◆ PROBLEM DETAILS ◆
Print exactly the first lines of the records. Stop after the line containing "In today's lesson", and leave every picture out.

◆ EXERCISE DATA ◆
# # # # #
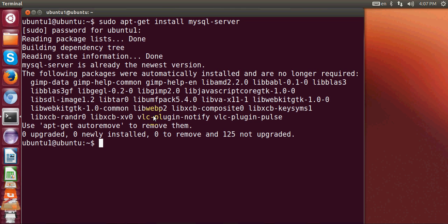In between the installation it will ask for your root password, so just give your password and remember it for MySQL server. I will also provide a link with this video so you can see detailed instructions on how I installed MySQL server on Ubuntu.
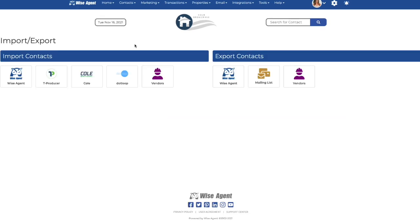WiseAgent members also have the ability to export contacts from their WiseAgent account, export contacts to a mailing list, and export a vendor's list. To export contacts from your WiseAgent account, click the owl.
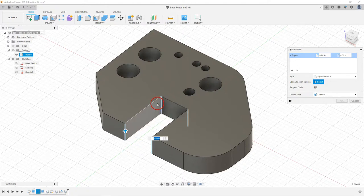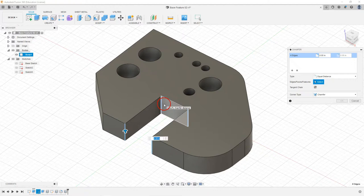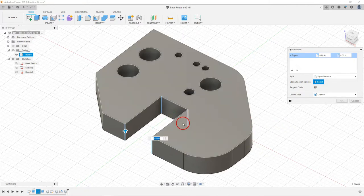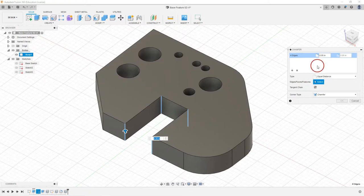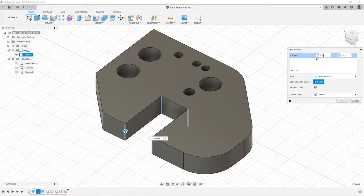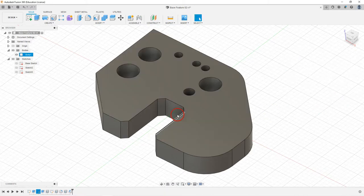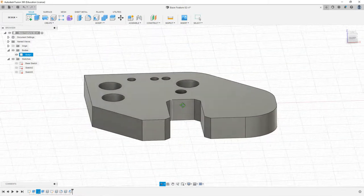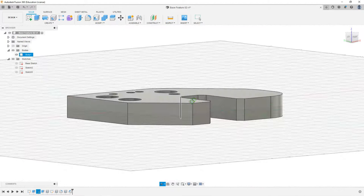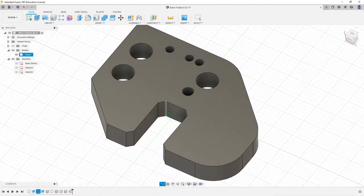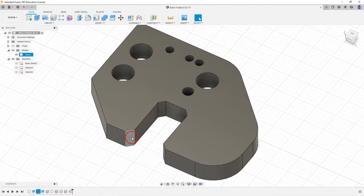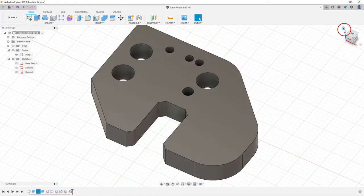I've selected my four edges and I'm going to put my value in here. I'll put a value of 0.125 and select OK. You can see that has added those four chamfers in there.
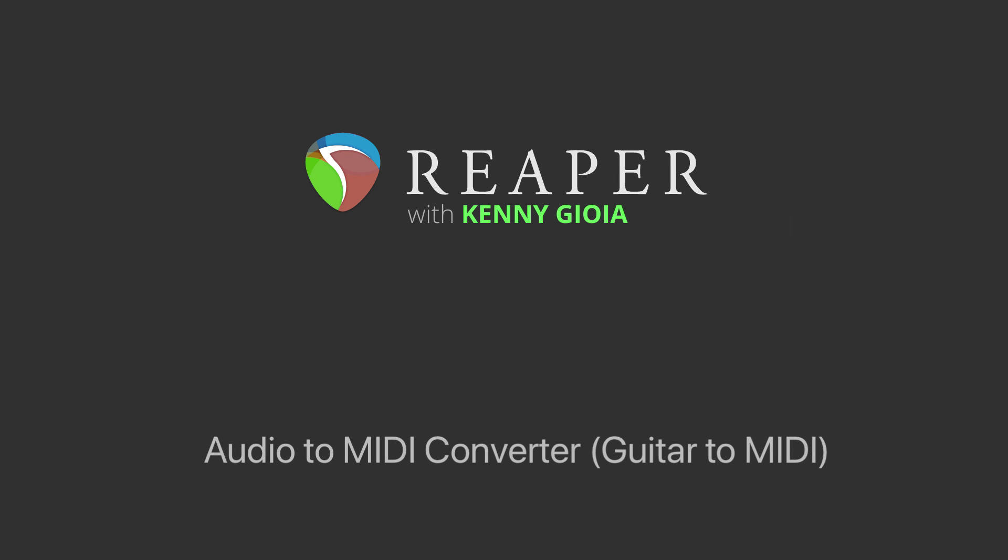Hi, I'm Kenny Gioia. Welcome to another one of my tutorials. In this video, I'm going to show you how to create an audio to MIDI converter or a guitar to MIDI converter in Reaper.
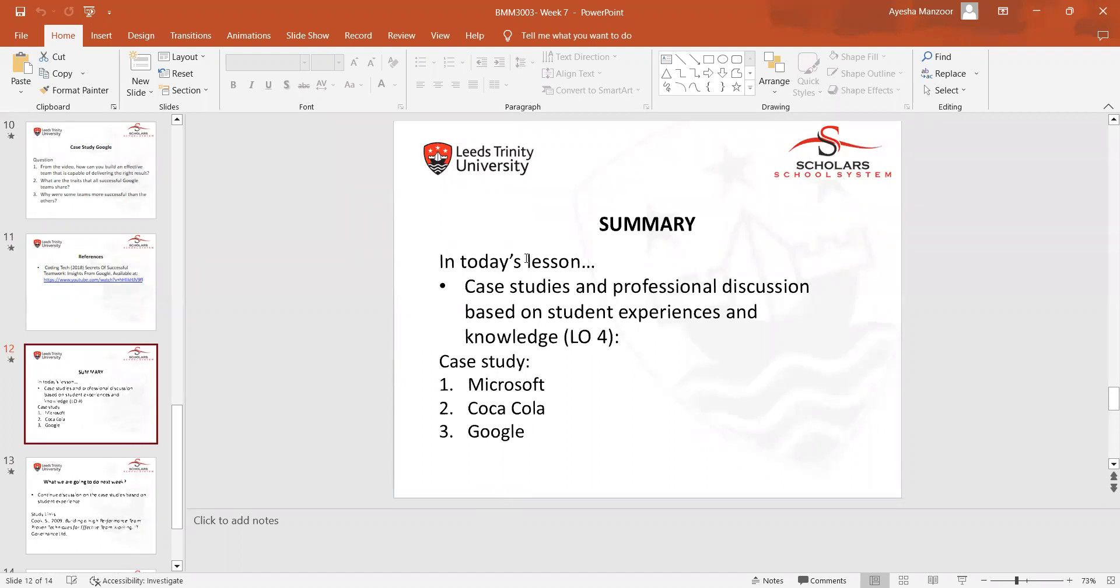In today's lesson we discussed case studies. The main purpose of discussing the case study is to make clear understanding about the team building process and how the leadership in our organization works.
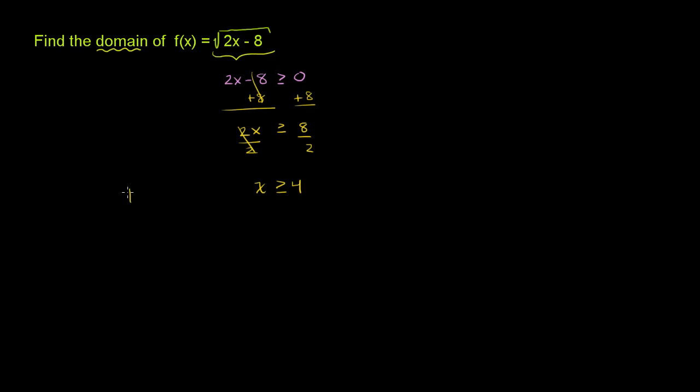So the domain here is the set of all real numbers that are greater than or equal to 4. In other words, this function is defined when x is greater than or equal to 4. And we're done.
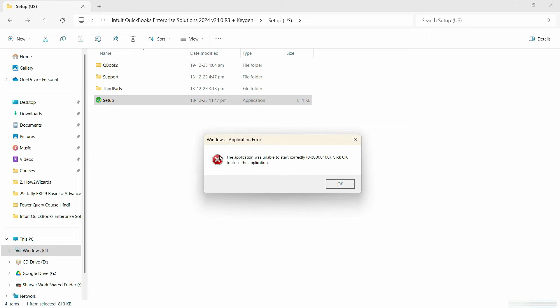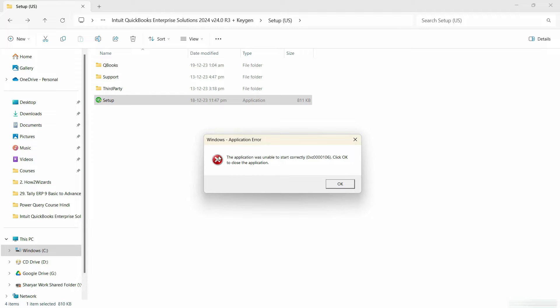In this video, we are going to see how you can resolve this error that says the application was unable to start correctly. 0xC0000106 is the error number and click OK to close the application. So it's very simple to resolve. Without wasting any time, let's get started with this video.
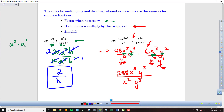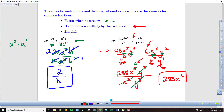Now that the variables are combined in the top and bottom, I'm less likely to lose track of something as I start reducing. With the numbers, there's nothing I can do with 288 — that stays. With the x's, I subtract the exponents: x squared on the bottom goes, leaving x to the 6th on top. With the y's, y to the 5th on top and y to the 5th on the bottom cancel each other out. So our final result is 288x to the 6th.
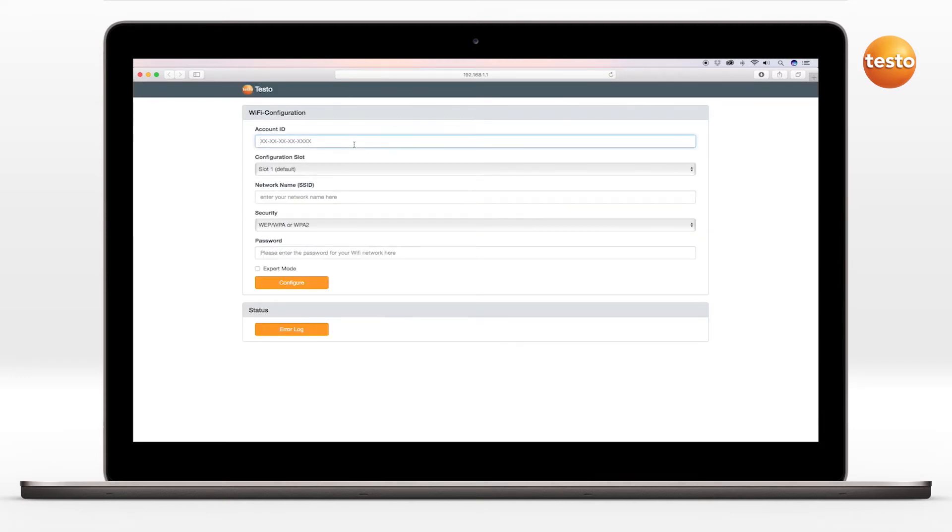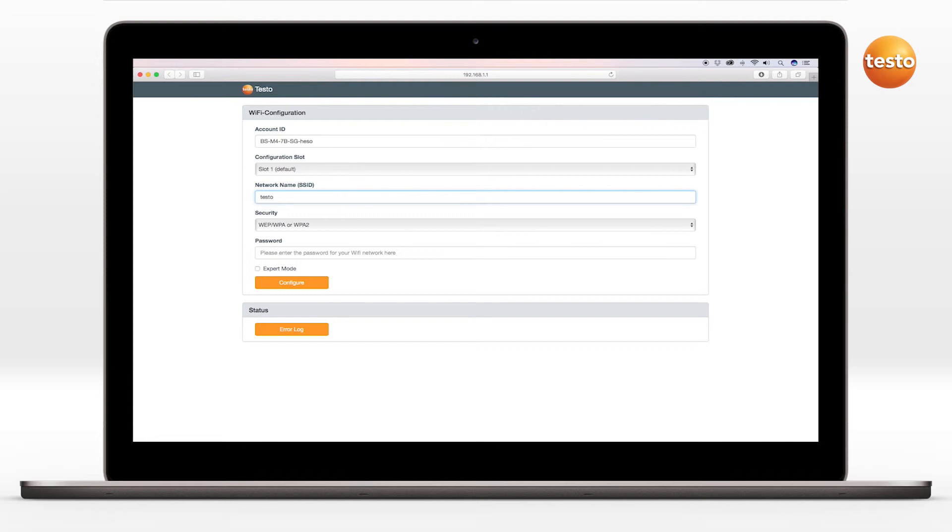Then enter the Testo account ID, the configuration slot, and the network name. You can find the account ID in the web interface of the Testo cloud under the menu item Configuration and Account ID.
# # # # #
◆ RESPONSE AREA ◆
In between the installation it will ask for your root password, so just give your password and remember it for MySQL server. I will also provide a link with this video so you can see detailed instructions on how I installed MySQL server on Ubuntu.
WiseAgent members also have the ability to export contacts from their WiseAgent account, export contacts to a mailing list, and export a vendor's list. To export contacts from your WiseAgent account, click the owl.
I've selected my four edges and I'm going to put my value in here. I'll put a value of 0.125 and select OK. You can see that has added those four chamfers in there.
Hi, I'm Kenny Gioia. Welcome to another one of my tutorials. In this video, I'm going to show you how to create an audio to MIDI converter or a guitar to MIDI converter in Reaper.
In today's lesson we discussed case studies. The main purpose of discussing the case study is to make clear understanding about the team building process and how the leadership in our organization works.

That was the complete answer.